The solution? Join forces with the two major sellers of contraception in town (one because he feels guilty for doing such an anti-Catholic thing as selling birth control and the other because he’s Xenophobic and afraid that the Muslims and Albanians and anyone non-Croatian will eventually drive all the Christians out or, worse, intermarry) and punch holes through the rubbers and substitute vitamins for the pill.
All right. I’m sorry, but this is a screamingly funny idea for a farce, or a dark comedy, or a farcical dark comedy, or whatever you want to do with it. It’s clever and original and one just has to see what’s going to happen.
And it starts out quite, quite promising. There’s just something about this new priest, played by Kresimir Mikic, who is tall and lanky and has a somewhat off kilter face, that almost makes you laugh just by looking at him. And when he walks down the street, he’s framed in such a way against the background and is accompanied by music of an odd, whimsical nature (by Mate Matisic, who also co-wrote the screenplay with the director Vinko Bresan) that it just sets you in titters (yes, titters).
It’s all quite quirky and funny, often for reasons you’re not quite sure of. It just is. And it has a first rate supporting cast that get laughs with the slightest change of expression on their faces.
But then, well, it stops really going anywhere that interesting. I mean, instead of following this set up logically and seeing what would happen to this sleepy little town that only comes alive in the summer when suddenly, out of nowhere, for reasons no one understands, everyone, and I mean, everyone (except for the male socialist school teacher and the capitalist married mayor who are sneaking out nightly to meet at a fishing cabin to, well, do you know what) starts having babies, the story, well, it just doesn’t go there.
Instead, it takes some really odd twists and turns that never really made a lot of sense to me with some through lines with results that seemed a bit too arbitrary with the result that the story got more and more puzzling rather than deeper and deeper and emotionally satisfying.

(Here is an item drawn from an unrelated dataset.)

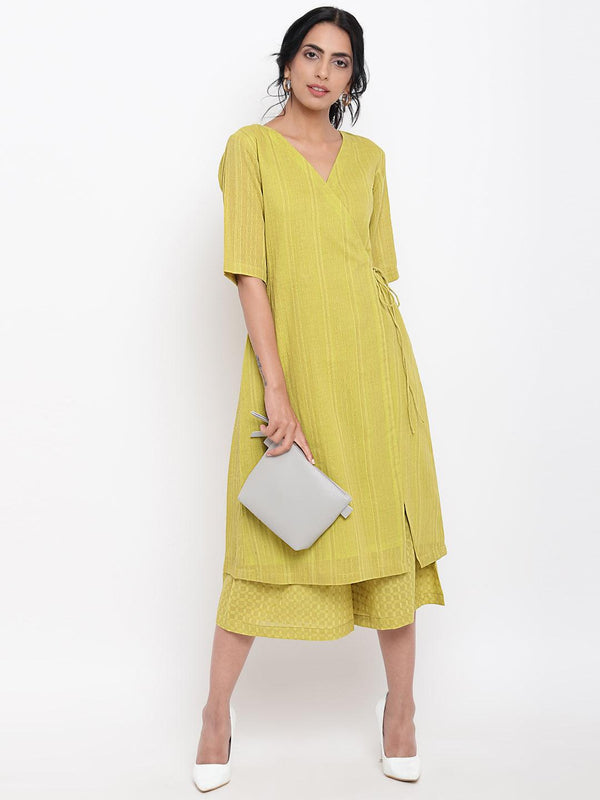trueBrowns Green Cotton Angrakha Kurta Set | Relove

These turns also suggested some rather mystifying and more than tenuous moral conclusions: one shouldn’t substitute vitamins for the pill because if you do a young woman is going to become pregnant and her boyfriend is going to go off and die while trying to find land mines without marrying her and he didn’t want the baby anyway and then his family is going to abduct the woman and hold her prisoner long enough so she can’t get a legal abortion in which case she’ll try to do it herself resulting in her inability to ever have children again.
Or better yet, one shouldn’t punch holes in condoms because if you do, the granddaddy and popular priest is going to get the lead teen singer pregnant and she’s going to kill herself by throwing herself in the bay.
I mean, the logic is so indisputable, and the QED so QEDish, who couldn’t possibly have seen either of those outcomes coming?
And then in the final scenes the authors really try to make the whole thing even more profound with plot turns that are even odder than anything that came before. But for me, the profundity went over my head and I had no longer had anyt idea what the authors were trying to say or do.
In the end, the whole movie comes across as one of those films that has this incredibly great premise, but no one seemed to really know what to do with it.